The Trump administration said Tuesday it has stopped issuing visas to some government officials and their families from Myanmar and Laos, in a move designed to punish both countries for failing to cooperate in taking back their deportees.

It’s the latest step to follow through on President Trump’s original set of immigration executive orders, where he outlined the get-tough approach his administration has pursued in the ensuing year and a half.

Homeland Security Secretary Kirstjen Nielsen announced the new visa restrictions, saying she’d flagged the two countries as recalcitrant. Under the law, Secretary of State Mike Pompeo then had to impose visa restrictions.

“The suspension will remain in place until the Secretary Nielsen notifies Secretary Pompeo that cooperation on removals has improved to an acceptable level,” the Homeland Security Department said in a statement.

The restrictions went into place Monday.

For Myanmar, high-level government officials in the labor and home affairs ministries, and their families, won’t be able to get tourist or business visas.

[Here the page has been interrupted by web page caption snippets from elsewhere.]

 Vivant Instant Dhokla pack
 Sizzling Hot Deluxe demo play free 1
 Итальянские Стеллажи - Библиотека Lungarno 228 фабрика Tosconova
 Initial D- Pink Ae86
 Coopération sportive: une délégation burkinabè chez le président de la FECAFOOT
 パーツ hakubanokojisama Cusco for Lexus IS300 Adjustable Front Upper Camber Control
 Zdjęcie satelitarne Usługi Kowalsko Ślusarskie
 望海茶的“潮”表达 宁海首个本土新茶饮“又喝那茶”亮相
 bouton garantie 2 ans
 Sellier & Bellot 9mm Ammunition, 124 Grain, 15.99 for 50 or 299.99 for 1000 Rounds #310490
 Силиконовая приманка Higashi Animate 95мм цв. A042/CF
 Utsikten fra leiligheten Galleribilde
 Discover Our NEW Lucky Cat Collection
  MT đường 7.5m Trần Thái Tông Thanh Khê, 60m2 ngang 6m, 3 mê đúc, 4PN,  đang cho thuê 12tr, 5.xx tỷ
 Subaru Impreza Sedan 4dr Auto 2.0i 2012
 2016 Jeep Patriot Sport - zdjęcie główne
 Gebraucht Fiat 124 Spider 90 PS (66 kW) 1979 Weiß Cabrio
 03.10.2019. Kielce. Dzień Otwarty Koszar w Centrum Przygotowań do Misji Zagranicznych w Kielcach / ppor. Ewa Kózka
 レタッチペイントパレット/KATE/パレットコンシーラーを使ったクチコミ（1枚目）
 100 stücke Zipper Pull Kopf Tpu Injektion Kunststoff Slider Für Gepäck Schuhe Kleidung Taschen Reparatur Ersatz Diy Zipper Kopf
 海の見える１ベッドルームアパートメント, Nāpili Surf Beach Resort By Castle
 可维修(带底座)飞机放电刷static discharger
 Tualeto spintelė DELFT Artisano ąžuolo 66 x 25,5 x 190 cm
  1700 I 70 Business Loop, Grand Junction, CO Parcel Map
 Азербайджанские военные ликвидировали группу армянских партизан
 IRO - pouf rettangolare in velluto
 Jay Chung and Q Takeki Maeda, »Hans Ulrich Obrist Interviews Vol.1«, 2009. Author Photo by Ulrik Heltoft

For Laos, the U.S. stopped issuing business and tourism visas to high officials from the ministry of public security, and also restricted some diplomatic visas.

Countries that refuse to take back their deportees cause havoc within the U.S. immigration system because of a 2001 court ruling that limits how long the government can hold people. If their countries won’t take them back and if the U.S. can’t hold them, they have to be released into communities.

That often means serious criminals are released — some of whom go on to commit more crimes.

Mr. Trump has made substantial progress in cutting the list of recalcitrant countries from 23 near the end of the Obama administration to nine.

Of those, six are now actively facing visa sanctions: Cambodia, Eritrea, Guinea and Sierra Leone, all of which were punished by the Trump administration last year, in addition to the new sanctions against Laos and Myanmar.

Gambia had faced visa sanctions at the end of the Obama administration, but they earned their way off the list of recalcitrant countries late last year.

Burma has been a recent addition to the recalcitrant list, joining last year. As of this week U.S. Immigration and Customs Enforcement had 20 Burmese in detention and 605 who had been ordered deported but weren’t detained.

From Oct. 1, 2016, through earlier this month the government had released 15 Burmese citizens, compared to 23 who were deported.

For Laos, which has been off and on the naughty list several times this decade, the numbers are worse. More than 4,600 Laotians awaiting deportation have been released into American communities. By contrast the government was able to deport just 12 over the last 21 months.

The Burmese embassy didn’t return messages while the Laotian embassy didn’t answer calls and its phone system wouldn’t accept messages.

U.S. law allows even broader punishments, including halting visas for all citizens of a recalcitrant country.

But sanctions against government officials alone have proved effective in the past.

When the Bush administration used them on Guyana in 2001, that country quickly changed court and allowed deportation of nearly all the people in the pipeline.